Retro Autumn Road Trip: New England

September 21, 2020 — So much of my life can be traced to one road trip that Lindsey and I took in October 2007. I was living in Virginia at the time. Lindsey and I had been dating for four or five months. OTIS had been off the ground for about the same amount of time. And as part of our Halloween Season festivities, we planned a nine-day trip through New York and New England.

We had both been to New England before we met each other. And we had both done road trips through it, too. But never this long of a trip or this focused of one.

I think this trip cemented our relationship (we would get engaged five months later on another road trip, in Ireland), revealed our shared passion for road trips and for New England (we would move here six months later), and gave me enough material to keep OTIS alive for a while with an expansive variety of sites and states (something I was worried about in the early days of the site).

So, armed with a binder full of printed MapQuest directions, tickets, reservations, and other information (the technological equivalent of navigating by the stars), we broke north one Friday after work. These days, when we do big road trips, I always post summaries on OTIS, so I thought I’d go back in time and reconstruct this trip. Many of these photos have never been published on OTIS.

Pennsylvania was just the trip to get to the trip, but since we left after work on a Friday, complete with DC-area rush hour traffic, we decided to spend the night in the state. As part of that night, we hit up Field of Screams, a multi-site haunt in Lancaster. This was the night I learned how terrified of haunts Lindsey is, which made the night a thousand times more fun. While we were there, somebody was filming a show for the Travel Channel (they would hold up lines to build up camera-ready crowds and such). I never found out what the show was, but I love that the night is documented somewhere.

New York
You know where we stopped here: Sleepy Hollow. It was my second time there, her first, and we saw all the sites from the Washington Irving story, hung out in the graveyard, visited Sunnyside, went to the Great Jack-o-Lantern Blaze at Van Cortlandt Manor (with my printed out tickets). It wasn’t our only New York stop, but we didn’t hit the other site until the route back.

Rhode Island
We hit three Rhode Island towns. Exeter to see the Mercy Brown stone, Providence to see H. P. Lovecraft sites, and—believe it or not—Warwick to see TAPS headquarters. When Ghost Hunters came out, I was all in, man. Those early days of ghost hunting shows was so fun and fresh. On this leg of the trip, we’d also stumble upon our first Patrick Dougherty installation and one of those R2-D2 mailboxes back when Star Wars was the single vision of a single guy whom we only semi-trusted anymore.
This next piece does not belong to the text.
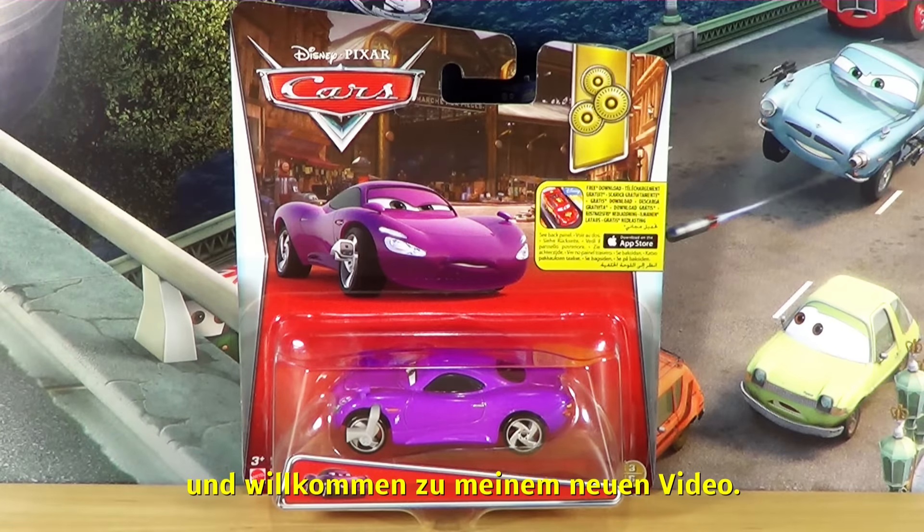Hello YouTubers and welcome to my new video. Today I will show you the Holley Shift Wheel with Electroshock device. This is number 3 of 6 from the 2016 Paris Parts Market series from Mattel. This is the back of the package.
We also found ourselves at a hospital when Lindsey contracted a bad ear infection.

TAPS Headquarters

Massachusetts was the core of this trip. Half of that was because of our Lizzie Borden House stay. The other half was Salem. Both of us had been to Salem one other time; neither of us had stayed at a murder scene before. In Salem, we didn’t do too much. Walked around a lot. Ate at the Witch’s Brew Café. I don’t think we did any of the actual attractions. We also met up with some of my friends in Boston one night and also visited Forest Hills Cemetery in Jamaica Plain. Years later I would learn that Jamaica Plain was the birthplace of my grandfather, but at that point I only knew it as the home of one of the best cemeteries in Boston, and one we haven’t returned to since. I think we need to fix that this season.

New Hampshire
Only one stop in New Hampshire, America’s Stonehenge. A quick drop-in to see some rocks. Partly that was because we were talked out of driving up Mount Washington by some of our fellow guests at the Lizzie Borden House. I would get to the mountain three years later to discover it to be my favorite place in New Hampshire. Within a year, we would be living in the state, getting married in the state, and buying our first house only 15 miles from America’s Stonehenge.

We barely crossed the border into Vermont, just to say we hit all six New England states on this trip. But it was our “New England covered bridge” moment, and it was a wonderful, rain-soaked one.

After cutting across the top of New Hampshire, we found ourselves in Maine, where we swung by Stephen King’s house before spending most of the time in Acadia National Park, where we ate lobsters and marveled at Maine’s rocky coast.

On the return trip we stopped in Bridgeport to see P.T.Barnum sites—the museum, his statue, his grave (and Tom Thumb’s grave), but the real stop in Connecticut was just before, in Bristol, where we saw the classic horror movie characters of Cortlandt Hull at its original site in his backyard. It was only open a few weekends in October. These days he displays them at the Bristol Historical Society, although still only a few weekends in October. About four years later, for The New York Grimpendium, I would visit the grave of his great-uncle Henry Hull, who played the titular character in The Werewolf of London.

New York
Only one stop here on the return trip, Houdini’s grave. It was our “ta dah” for finishing the trip. I still have the playing card we removed from the offerings atop it.

These days, I know New England much better, I know Lindsey much better, I know how to do road trips much better. But those nine days are still some of my favorite in a life that, since then, has been full of really amazing days.